> [Activity]: Your answer must be a word-for-word copy of the listing below, minus its pictures.

> [Information provided]:
"""
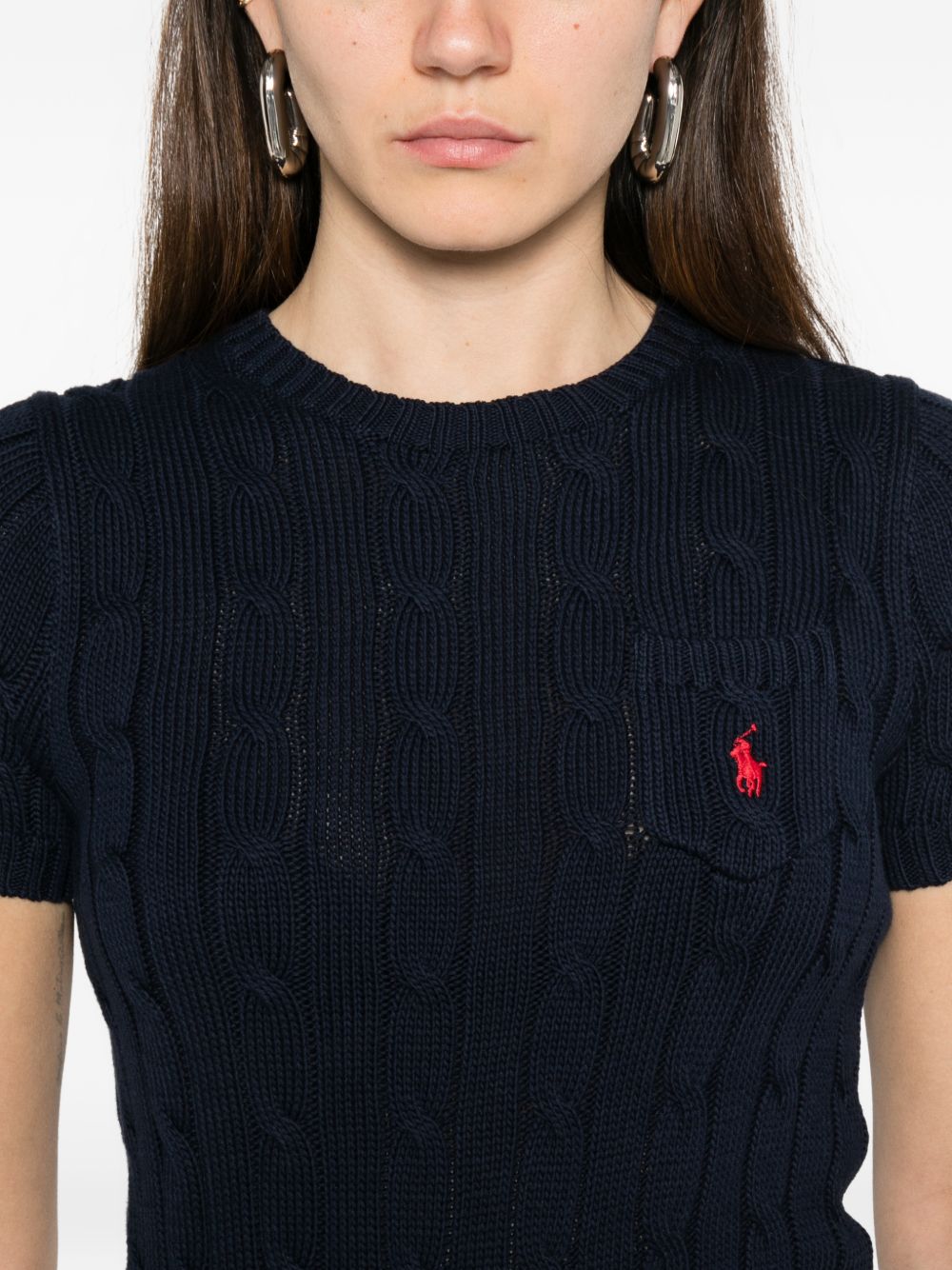 Navy Blue Ribbed Crewneck Short-Sleeve Sweater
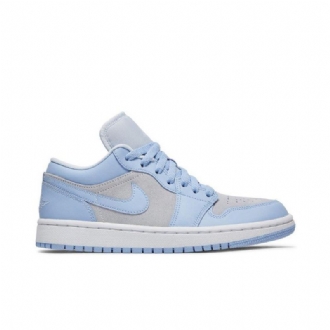 Air Jordan 1 Lav Grå Sølv Blå Damesko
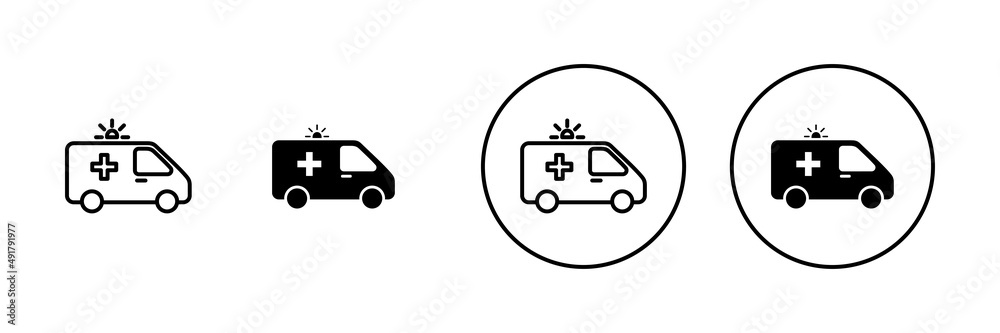 Ambulance icons set. ambulance truck sign and symbol. ambulance car Ambulance icons set. ambulance truck sign and symbol. ambulance car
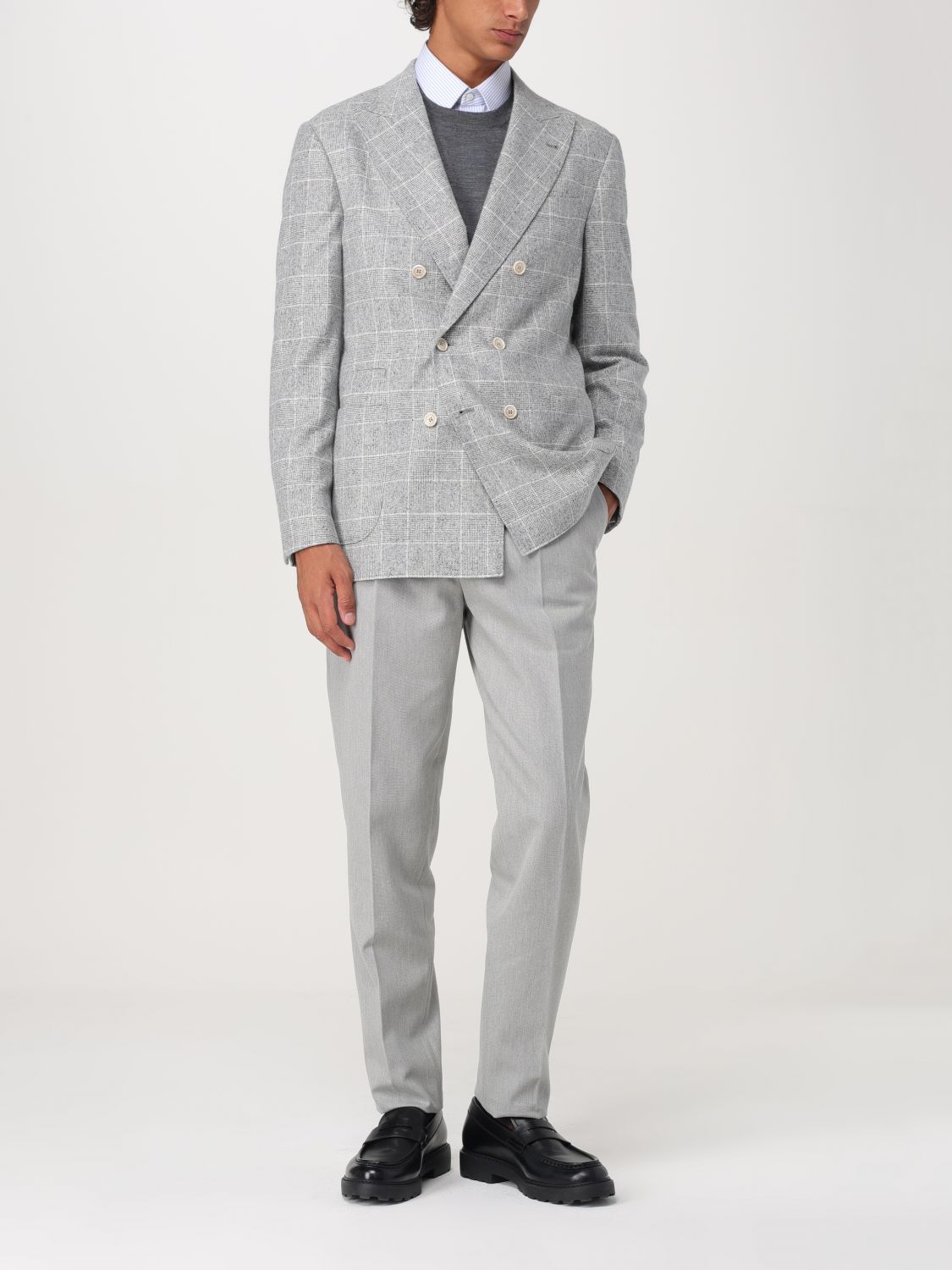 Single-breasted checked blazer - White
"""
> [Solved problem]:
 Navy Blue Ribbed Crewneck Short-Sleeve Sweater
 Air Jordan 1 Lav Grå Sølv Blå Damesko
 Ambulance icons set. ambulance truck sign and symbol. ambulance car Ambulance icons set. ambulance truck sign and symbol. ambulance car
 Single-breasted checked blazer - White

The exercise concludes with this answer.